[Extracted records]
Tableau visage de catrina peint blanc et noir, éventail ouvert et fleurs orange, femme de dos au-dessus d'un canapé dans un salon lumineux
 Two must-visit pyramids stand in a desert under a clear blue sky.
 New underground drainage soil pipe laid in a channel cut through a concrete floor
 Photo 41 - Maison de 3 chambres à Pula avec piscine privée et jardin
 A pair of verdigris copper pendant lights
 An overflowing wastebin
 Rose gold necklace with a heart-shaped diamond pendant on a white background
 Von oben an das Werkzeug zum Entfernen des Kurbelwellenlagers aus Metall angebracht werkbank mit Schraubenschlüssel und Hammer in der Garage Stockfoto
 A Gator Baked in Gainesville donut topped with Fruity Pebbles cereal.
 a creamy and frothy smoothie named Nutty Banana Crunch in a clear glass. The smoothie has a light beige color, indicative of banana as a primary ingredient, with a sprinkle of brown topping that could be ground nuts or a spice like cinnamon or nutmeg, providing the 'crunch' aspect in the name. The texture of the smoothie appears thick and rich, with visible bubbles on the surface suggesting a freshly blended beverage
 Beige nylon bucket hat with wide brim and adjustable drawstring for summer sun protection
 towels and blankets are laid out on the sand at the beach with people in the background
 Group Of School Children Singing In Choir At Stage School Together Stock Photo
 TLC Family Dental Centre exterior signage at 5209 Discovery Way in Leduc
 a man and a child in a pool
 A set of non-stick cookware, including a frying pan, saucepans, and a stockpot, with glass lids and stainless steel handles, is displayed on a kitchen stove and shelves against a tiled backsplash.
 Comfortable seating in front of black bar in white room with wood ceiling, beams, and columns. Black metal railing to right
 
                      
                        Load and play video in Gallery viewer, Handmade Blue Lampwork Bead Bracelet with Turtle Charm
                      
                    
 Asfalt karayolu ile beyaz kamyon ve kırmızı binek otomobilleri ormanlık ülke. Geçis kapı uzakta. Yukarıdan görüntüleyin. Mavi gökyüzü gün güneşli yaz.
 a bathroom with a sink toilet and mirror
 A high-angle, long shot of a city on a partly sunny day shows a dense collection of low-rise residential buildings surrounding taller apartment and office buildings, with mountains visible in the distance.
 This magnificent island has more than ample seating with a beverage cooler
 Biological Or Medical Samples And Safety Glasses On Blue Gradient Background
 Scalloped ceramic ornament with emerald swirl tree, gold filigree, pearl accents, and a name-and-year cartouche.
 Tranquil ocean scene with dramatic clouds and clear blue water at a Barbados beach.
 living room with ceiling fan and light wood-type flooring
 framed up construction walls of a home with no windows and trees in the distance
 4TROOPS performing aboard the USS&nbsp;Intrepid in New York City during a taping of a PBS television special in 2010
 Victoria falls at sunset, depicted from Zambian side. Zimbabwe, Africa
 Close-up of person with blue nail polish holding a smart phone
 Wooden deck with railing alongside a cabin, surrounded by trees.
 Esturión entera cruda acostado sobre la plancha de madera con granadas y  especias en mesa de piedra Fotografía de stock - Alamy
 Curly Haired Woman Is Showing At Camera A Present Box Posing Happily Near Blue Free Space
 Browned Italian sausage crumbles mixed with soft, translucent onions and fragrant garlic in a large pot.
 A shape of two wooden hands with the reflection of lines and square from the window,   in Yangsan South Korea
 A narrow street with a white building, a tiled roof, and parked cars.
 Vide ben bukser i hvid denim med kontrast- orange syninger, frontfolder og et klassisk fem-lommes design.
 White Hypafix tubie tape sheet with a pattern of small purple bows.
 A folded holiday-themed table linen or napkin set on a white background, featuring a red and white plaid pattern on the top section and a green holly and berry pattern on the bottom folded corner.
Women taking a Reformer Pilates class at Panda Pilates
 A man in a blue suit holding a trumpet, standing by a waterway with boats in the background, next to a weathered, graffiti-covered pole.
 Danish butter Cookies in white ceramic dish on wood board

→ **WORK TO COMPLETE**: Please reproduce, exactly as they appear above, the lines from the line containing "Rose gold necklace" up to and including the line containing "A Gator Baked".

→ **ANSWER TO THE PROBLEM**:
 Rose gold necklace with a heart-shaped diamond pendant on a white background
 Von oben an das Werkzeug zum Entfernen des Kurbelwellenlagers aus Metall angebracht werkbank mit Schraubenschlüssel und Hammer in der Garage Stockfoto
 A Gator Baked in Gainesville donut topped with Fruity Pebbles cereal.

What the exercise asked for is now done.